## REQUIREMENT
When the line containing "Snowman Nail Art" appears in the entries below, begin printing there and stop after the line containing "Coussin Canape 55x55cm"; print each of those lines exactly and no other line.

··· AVAILABLE DATA

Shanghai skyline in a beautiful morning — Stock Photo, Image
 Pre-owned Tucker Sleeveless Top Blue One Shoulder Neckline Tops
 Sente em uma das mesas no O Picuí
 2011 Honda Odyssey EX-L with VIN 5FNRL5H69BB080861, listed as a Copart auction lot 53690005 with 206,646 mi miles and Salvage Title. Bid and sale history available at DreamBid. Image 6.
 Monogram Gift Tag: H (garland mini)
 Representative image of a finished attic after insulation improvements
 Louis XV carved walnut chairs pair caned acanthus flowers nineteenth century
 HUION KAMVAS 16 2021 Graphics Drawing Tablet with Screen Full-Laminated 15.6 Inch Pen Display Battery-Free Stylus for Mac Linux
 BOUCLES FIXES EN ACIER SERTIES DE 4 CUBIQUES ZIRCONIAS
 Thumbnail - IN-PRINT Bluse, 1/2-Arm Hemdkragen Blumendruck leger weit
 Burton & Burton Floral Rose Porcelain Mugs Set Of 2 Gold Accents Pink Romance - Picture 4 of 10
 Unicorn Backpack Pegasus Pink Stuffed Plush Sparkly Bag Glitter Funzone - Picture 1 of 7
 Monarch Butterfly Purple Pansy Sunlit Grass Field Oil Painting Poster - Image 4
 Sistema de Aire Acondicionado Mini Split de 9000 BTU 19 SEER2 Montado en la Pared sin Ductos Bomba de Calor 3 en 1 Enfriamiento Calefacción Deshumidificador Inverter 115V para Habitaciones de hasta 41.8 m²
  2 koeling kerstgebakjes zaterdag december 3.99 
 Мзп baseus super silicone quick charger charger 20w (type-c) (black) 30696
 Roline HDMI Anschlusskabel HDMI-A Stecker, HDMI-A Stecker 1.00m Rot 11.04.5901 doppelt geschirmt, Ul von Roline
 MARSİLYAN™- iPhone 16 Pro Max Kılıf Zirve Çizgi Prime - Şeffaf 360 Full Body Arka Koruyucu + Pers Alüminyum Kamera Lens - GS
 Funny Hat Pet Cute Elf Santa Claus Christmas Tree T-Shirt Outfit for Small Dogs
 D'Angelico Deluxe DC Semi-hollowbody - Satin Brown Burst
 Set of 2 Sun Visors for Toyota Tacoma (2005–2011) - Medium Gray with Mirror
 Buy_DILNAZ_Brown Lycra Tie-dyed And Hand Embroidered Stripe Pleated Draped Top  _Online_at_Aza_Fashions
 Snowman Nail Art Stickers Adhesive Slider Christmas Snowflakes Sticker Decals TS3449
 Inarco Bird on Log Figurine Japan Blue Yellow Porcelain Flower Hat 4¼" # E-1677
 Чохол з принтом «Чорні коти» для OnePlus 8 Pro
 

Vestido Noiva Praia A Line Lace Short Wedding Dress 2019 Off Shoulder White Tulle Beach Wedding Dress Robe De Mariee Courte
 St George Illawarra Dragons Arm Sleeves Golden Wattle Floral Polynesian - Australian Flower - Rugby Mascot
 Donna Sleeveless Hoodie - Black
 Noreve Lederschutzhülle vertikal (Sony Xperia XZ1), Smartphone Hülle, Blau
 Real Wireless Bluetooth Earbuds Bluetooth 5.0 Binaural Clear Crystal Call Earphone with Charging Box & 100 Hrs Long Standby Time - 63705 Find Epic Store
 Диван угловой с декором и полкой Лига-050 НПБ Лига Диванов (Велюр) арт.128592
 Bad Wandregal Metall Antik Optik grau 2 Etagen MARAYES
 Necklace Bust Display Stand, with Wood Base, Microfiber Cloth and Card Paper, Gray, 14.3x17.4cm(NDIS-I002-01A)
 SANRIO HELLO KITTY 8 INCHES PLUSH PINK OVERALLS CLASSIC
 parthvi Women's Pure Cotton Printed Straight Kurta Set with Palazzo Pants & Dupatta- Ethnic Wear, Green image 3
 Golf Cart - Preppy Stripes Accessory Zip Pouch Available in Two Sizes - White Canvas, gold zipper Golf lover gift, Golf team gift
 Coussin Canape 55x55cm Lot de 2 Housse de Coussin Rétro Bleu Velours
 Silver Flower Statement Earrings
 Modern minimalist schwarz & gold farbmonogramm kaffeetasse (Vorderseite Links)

······

## EXERCISE RESULT
 Snowman Nail Art Stickers Adhesive Slider Christmas Snowflakes Sticker Decals TS3449
 Inarco Bird on Log Figurine Japan Blue Yellow Porcelain Flower Hat 4¼" # E-1677
 Чохол з принтом «Чорні коти» для OnePlus 8 Pro
 

Vestido Noiva Praia A Line Lace Short Wedding Dress 2019 Off Shoulder White Tulle Beach Wedding Dress Robe De Mariee Courte
 St George Illawarra Dragons Arm Sleeves Golden Wattle Floral Polynesian - Australian Flower - Rugby Mascot
 Donna Sleeveless Hoodie - Black
 Noreve Lederschutzhülle vertikal (Sony Xperia XZ1), Smartphone Hülle, Blau
 Real Wireless Bluetooth Earbuds Bluetooth 5.0 Binaural Clear Crystal Call Earphone with Charging Box & 100 Hrs Long Standby Time - 63705 Find Epic Store
 Диван угловой с декором и полкой Лига-050 НПБ Лига Диванов (Велюр) арт.128592
 Bad Wandregal Metall Antik Optik grau 2 Etagen MARAYES
 Necklace Bust Display Stand, with Wood Base, Microfiber Cloth and Card Paper, Gray, 14.3x17.4cm(NDIS-I002-01A)
 SANRIO HELLO KITTY 8 INCHES PLUSH PINK OVERALLS CLASSIC
 parthvi Women's Pure Cotton Printed Straight Kurta Set with Palazzo Pants & Dupatta- Ethnic Wear, Green image 3
 Golf Cart - Preppy Stripes Accessory Zip Pouch Available in Two Sizes - White Canvas, gold zipper Golf lover gift, Golf team gift
 Coussin Canape 55x55cm Lot de 2 Housse de Coussin Rétro Bleu Velours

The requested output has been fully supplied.